PROBLEM DESCRIPTION: Look below for the line with "Greater Basilisk - Iconic Masters"; begin the copy there and stop after the line with "7 i 1 tastatur", keeping the text exact and the pictures out.

DATA EXCERPTS:
>>>

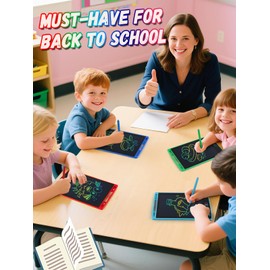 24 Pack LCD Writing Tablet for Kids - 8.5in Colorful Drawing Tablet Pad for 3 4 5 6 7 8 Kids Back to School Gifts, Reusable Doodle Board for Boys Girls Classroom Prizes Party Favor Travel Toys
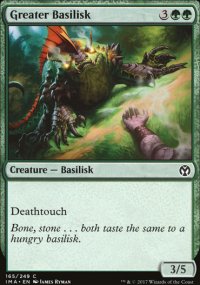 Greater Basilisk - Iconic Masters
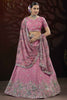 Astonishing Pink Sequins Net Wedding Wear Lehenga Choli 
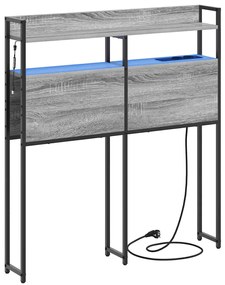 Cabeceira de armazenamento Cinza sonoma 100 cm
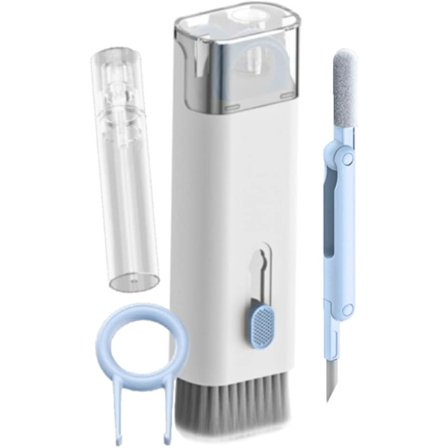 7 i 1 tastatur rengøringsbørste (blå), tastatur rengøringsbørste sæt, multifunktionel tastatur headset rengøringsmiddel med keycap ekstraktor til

<<<
>>>

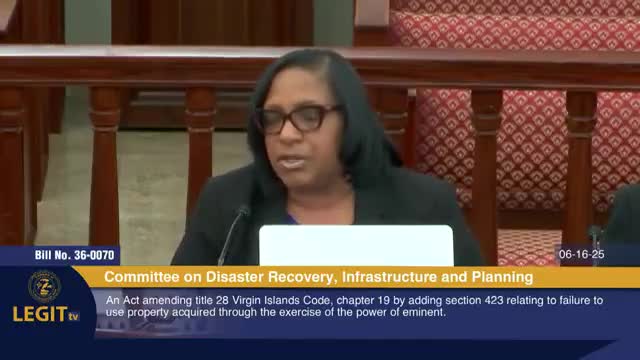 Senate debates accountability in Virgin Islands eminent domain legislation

<<<

ANSWER TO THIS TASK:
 Greater Basilisk - Iconic Masters
 Astonishing Pink Sequins Net Wedding Wear Lehenga Choli 
 Cabeceira de armazenamento Cinza sonoma 100 cm
 7 i 1 tastatur rengøringsbørste (blå), tastatur rengøringsbørste sæt, multifunktionel tastatur headset rengøringsmiddel med keycap ekstraktor til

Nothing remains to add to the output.